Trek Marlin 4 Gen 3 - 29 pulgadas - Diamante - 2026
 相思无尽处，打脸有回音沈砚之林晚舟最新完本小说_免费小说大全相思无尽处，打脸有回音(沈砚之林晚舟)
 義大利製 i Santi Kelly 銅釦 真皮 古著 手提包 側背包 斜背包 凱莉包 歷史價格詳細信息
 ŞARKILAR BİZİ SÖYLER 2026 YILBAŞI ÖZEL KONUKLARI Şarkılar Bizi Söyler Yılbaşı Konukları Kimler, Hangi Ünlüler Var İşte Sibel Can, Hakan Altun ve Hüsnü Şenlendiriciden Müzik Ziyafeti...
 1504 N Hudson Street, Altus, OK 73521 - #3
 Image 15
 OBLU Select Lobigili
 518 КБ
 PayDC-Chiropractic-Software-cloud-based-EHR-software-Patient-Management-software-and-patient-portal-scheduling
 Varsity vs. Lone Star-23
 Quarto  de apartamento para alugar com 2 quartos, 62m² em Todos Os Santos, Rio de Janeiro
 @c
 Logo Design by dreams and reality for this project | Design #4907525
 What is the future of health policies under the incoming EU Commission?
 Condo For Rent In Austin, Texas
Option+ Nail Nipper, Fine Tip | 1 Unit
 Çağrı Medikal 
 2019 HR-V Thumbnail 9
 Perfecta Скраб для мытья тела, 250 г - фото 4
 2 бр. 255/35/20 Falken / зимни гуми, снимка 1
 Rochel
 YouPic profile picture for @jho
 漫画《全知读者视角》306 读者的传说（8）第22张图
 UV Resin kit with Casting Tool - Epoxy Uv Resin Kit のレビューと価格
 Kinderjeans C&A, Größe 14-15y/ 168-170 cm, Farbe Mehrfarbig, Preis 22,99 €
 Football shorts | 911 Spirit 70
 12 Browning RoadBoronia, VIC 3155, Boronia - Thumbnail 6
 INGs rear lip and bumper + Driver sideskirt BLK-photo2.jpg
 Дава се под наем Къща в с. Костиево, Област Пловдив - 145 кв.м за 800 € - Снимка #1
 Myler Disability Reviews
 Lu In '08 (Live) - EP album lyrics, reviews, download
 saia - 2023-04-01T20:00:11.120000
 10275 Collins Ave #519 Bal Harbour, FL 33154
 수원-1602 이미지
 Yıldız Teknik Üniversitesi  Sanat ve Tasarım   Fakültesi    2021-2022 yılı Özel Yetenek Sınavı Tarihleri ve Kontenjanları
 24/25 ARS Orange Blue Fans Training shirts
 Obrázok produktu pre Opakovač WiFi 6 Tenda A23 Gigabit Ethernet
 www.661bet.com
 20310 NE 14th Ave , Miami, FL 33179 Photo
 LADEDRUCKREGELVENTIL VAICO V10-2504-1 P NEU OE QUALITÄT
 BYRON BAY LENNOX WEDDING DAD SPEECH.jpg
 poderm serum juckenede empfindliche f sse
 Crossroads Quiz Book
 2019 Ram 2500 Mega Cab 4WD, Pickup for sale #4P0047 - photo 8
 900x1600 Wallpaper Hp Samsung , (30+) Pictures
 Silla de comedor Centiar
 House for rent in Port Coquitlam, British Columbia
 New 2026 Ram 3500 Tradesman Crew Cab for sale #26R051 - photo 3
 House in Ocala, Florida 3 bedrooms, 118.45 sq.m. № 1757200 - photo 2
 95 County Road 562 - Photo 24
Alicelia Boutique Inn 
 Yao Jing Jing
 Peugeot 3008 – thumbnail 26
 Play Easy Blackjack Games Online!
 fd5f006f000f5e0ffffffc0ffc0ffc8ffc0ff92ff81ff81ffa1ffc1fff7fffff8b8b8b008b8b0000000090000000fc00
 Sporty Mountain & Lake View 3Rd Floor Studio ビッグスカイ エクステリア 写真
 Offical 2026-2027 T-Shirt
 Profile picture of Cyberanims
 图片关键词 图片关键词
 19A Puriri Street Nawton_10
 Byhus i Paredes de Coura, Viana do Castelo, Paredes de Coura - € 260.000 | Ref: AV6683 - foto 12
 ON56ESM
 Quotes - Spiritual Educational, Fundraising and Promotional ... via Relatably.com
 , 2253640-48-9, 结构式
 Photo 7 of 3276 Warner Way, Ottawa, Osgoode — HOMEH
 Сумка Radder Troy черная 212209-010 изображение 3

** Problem to work on **
Copy all lines above containing the string "Street".

** Answer section **
 1504 N Hudson Street, Altus, OK 73521 - #3
 19A Puriri Street Nawton_10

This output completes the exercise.